Prime Minister’s Address To The House

Uttam Maharjan

Prime Minister KP Sharma Oli made a special address to the House of Representatives on January 6. The address came at a time when the government led by the Prime Minister has not passed even a year in office. The government was formed in February 2017. The Prime Minister tried to paint a rosy picture of the economy, apparently challenging the bleak picture portrayed by his own Finance Minister Yuba Raj Khatiwada ten months ago. At the time, the Finance Minister went so far as to say that the economy of the country was in ruins. How come it has improved so much just in a span of ten months?

Indicators
In the address, the Prime Minister mentioned that almost all the economic indicators were positive as if there were nothing wrong with the economy. He went on mentioning replacement of tuins (wire bridges) with suspension bridges; free Internet services to various wards, schools and health centres; the proposed launch of Nepal’s own satellite; a targeted economic growth of eight per cent; increase in production of paddy; declining inflation; increase in revenue and capital expenditure; increase in lending; increase in exports and imports; economic diplomacy; infrastructure development like airports, hydropower projects, the Kathmandu-Terai fast track, the Melamchi Drinking Water Project and the East-West Railway and so on.
But as things stand, the economic picture is not as rosy as the Prime Minister painted in his address to the House. Imports are taking a heavy toll on the economy as they far outstrip exports. In a sense, there is no environment for augmenting industrial development so that import substitution can be enhanced. It may be noted that three umbrella bodies of the private sector have formed an alliance to exert pressure on the government to create a conducive business environment after the government did not heed their problems. Although Nepal is an agrarian country, it is an irony that even daily essentials have to be imported. Oftentimes, the government says that it will draw up a land-use plan for categorising land for various purposes such as residential, industrial and agricultural.
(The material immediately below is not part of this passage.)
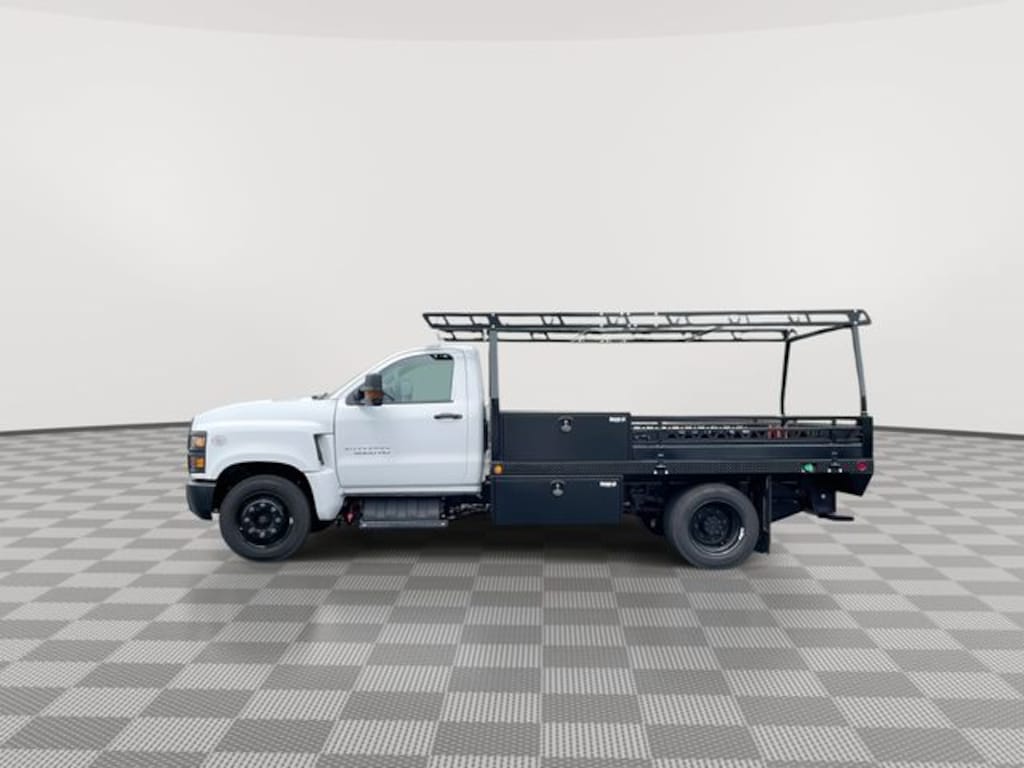 New 2024 Chevrolet Silverado 5500 HD Work Truck Truck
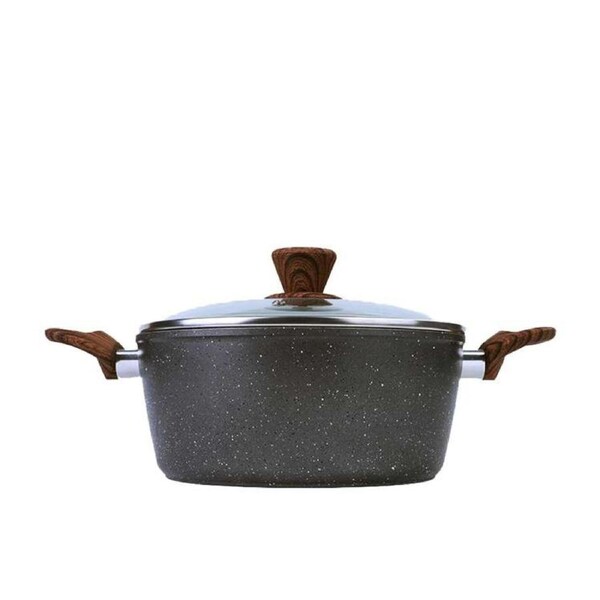 24cm PFOA Free Non-Stick Casserole Dish with Lid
If anything, land brokers indulge in plotting land of any kind, whether agricultural or industrial, from venal motives.
In fact, it has been too late to save agricultural land from being used for residential purposes. It is obvious that development in the agricultural sector will lead to development in other sectors. Although agriculture is considered a productive sector, it seems not much importance has been given to the sector. As long as agricultural and industrial development does not take place, the country will be bound to make heavy investments in imports, thus further sending the trade deficit spiraling.
Infrastructure development is a must for any country for rapid development. Several infrastructure development projects are going on or in the process of getting off the ground or being planned. The Nijgadh and Bhairawaha International Airports, the Pokhara Airport, the Kathmandu-Nijgadh Fast Track, the Raxaul-Kathmandu Railway, the Kerung-Kathmandu Railway, the Kathmandu-Pokhara-Lumbini railway, the East-West Railway, the Kathmandu Monorail, the Melamchi Drinking Water Project, etc. are the major projects for infrastructure development. Completion of these projects will surely bring about economic transformations. But one cannot say when these projects will be completed given the trend of inordinate delay in or non-completion of big projects, including national pride ones. So it will be an exaggeration to say that just planning for or starting projects will improve then economy of the country.
Post-quake reconstruction activities are moving at a slow pace. Even after three years, the reconstruction of less than fifty per cent of private houses has been completed. The pace of reconstruction of other structures like schools, government buildings, temples, monasteries and heritages is not copacetic, either. This is enough to show the attitude of the government towards development activities.
Be that as it may, there was a pandemonium in the House when Speaker Krishna Bahadur Mahara did not allow the MPs from the opposition parties to ask questions to the Prime Minister after he had addressed the House. It may be surmised that the Prime Minister thought that he could not answer the questions posed by the opposition lawmakers. This riled the opposition lawmakers so much so that they lambasted the Speaker, accusing him of being dictatorial. Further, although he said that he would not allow anybody to indulge in corruption, the Prime Minister did not mention the aircraft purchase scam in his address. Although the government claims that it is trying to restore good governance and end corruption, the tentacles of corruption are spreading far and wide and the state of impunity is raising its ugly head.
Even the lawmakers from the ruling coalition expressed the view that the Prime Minister’s address was inopportune and that the address should have come after the government had spent at least one year in office. The government has a two-thirds majority in Parliament. There is not any force that can stop the government from embarking on development works designed to change the face of the country for the better.

Determination
What is required is the will and determination on the part of the government to go ahead with development works by making a bonfire of corruption and the state of impunity. The rule of law, good governance and zero tolerance to corruption, inter alia, should be the hallmark of the government so as to win back the confidence of the people and to lead the country on the path to prosperity. As it has not spent even a year in office, there is a lot of time for the government to embark on development and public-welfare activities.